Aim of the exercise:
Word for word, restate the lines of the data from the first through the one containing "Czwarte zdjęcie samochodu", and nothing else.

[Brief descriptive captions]
━━━━━━━━

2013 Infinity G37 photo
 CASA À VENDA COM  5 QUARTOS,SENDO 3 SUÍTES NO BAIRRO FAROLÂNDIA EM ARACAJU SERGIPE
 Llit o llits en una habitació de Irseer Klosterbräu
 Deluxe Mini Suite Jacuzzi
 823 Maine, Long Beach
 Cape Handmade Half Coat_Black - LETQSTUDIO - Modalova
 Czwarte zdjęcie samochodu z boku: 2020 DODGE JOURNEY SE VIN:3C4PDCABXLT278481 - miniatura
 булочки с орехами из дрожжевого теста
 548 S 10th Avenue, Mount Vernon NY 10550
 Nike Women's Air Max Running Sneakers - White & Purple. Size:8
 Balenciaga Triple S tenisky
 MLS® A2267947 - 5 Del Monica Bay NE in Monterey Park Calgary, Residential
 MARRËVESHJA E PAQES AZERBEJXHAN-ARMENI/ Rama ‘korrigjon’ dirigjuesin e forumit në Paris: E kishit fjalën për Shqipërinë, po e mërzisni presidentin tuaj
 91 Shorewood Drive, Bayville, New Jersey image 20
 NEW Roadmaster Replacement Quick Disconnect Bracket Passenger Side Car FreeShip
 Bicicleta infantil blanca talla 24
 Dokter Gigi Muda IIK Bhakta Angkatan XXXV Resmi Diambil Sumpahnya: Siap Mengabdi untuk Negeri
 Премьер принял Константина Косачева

━━━━━━━━

Output:
2013 Infinity G37 photo
 CASA À VENDA COM  5 QUARTOS,SENDO 3 SUÍTES NO BAIRRO FAROLÂNDIA EM ARACAJU SERGIPE
 Llit o llits en una habitació de Irseer Klosterbräu
 Deluxe Mini Suite Jacuzzi
 823 Maine, Long Beach
 Cape Handmade Half Coat_Black - LETQSTUDIO - Modalova
 Czwarte zdjęcie samochodu z boku: 2020 DODGE JOURNEY SE VIN:3C4PDCABXLT278481 - miniatura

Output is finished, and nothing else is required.